Students at York University's Lassonde School of Engineering will be going to school next fall in a building that will be named after one of the school's computer science alumni.

Doug Bergeron and his wife Sandra are donating $8-million to the new building now going up on campus, the university is announcing today. Mr. Bergeron graduated with a computer science degree from York three decades ago and has since become one of the most successful tech investors in the U.S. Until last year, he was CEO of electronics payments company VeriFone for 12 years.

Students at the engineering school will follow a 'flipped classroom' curriculum where they will watch most lectures online and use the classroom for team projects and workshops. That's a model that Mr.

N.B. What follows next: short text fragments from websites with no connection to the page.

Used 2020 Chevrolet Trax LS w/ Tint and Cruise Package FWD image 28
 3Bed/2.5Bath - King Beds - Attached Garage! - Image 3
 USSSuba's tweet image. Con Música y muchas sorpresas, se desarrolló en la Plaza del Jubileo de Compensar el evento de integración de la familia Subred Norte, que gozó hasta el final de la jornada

Bergeron believes will help train future engineers to bring their ideas to market faster than he was able to after graduating.

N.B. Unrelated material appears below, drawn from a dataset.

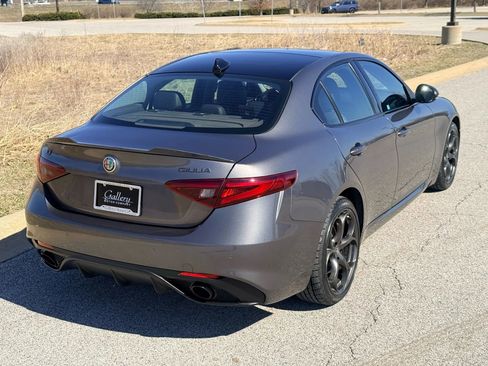 Used 2019 Alfa Romeo Giulia AWD w/ Quick Order Package 22J Sport image 32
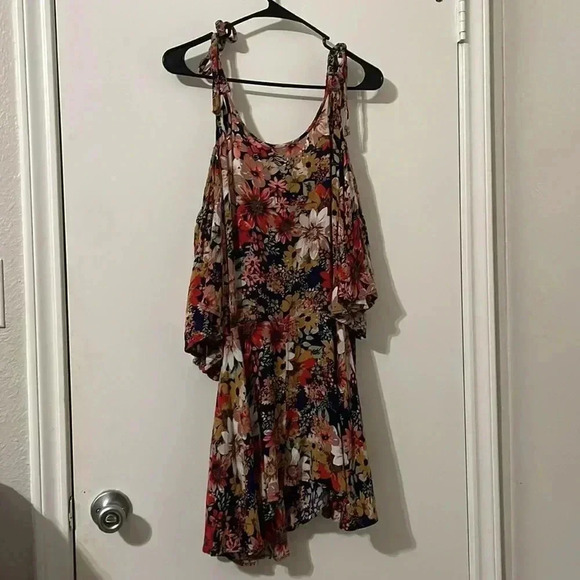 Umgee Dresses & Skirts - Umgee Dress Size M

"When I went to York, most universities in Canada were just starting off having computer science programs. In many universities, computer science was coursework in the math department. I found out through trial and error in my career that I did not have the particular background in being able to develop business plans, filing patents and speaking to venture capitalists," he said.

Mr. Bergeron joins other North American donors from the tech industry who remember their alma mater once they strike it big. Stanford University, Cornell and MIT for example, have received hundreds of millions from alumni who went on to successful careers in tech, engineering and science.

The couple – Ms. Bergeron is a tech executive – previously donated $2-million toward an entrepreneurship program at Lassonde, as well as funding programs for women in engineering at U.S. institutions.

"In the start-up world, you start to appreciate what you didn't at university: That time is finite," Mr. Bergeron said. Students need to learn "how to create a working prototype on a very fixed budget, on a very fixed amount of time, that works and that is compelling enough to drive an investor to believe in it."

The Lassonde school is named after Pierre Lassonde, the chairman of mining company Franco-Nevada, who donated $25-million toward the project in 2011, adding to the $50-million from the Ontario government. It will see the engineering department gain a five-story building which resembles a helix and encourages students to think about the social applications of their work.

Fund-raising campaigns at Canadian universities have become ever more ambitious in recent years. The University of Toronto is three quarters of the way toward a $2-billion target, UBC is within reach of its $1.5-billion goal and McGill hit the $1-billion mark last year.

Janusz Kozinski, the dean of the Lassonde school says the donation from the Bergerons turns the building project into a home. "A house is not a home until you have food and a fire, and now we have that."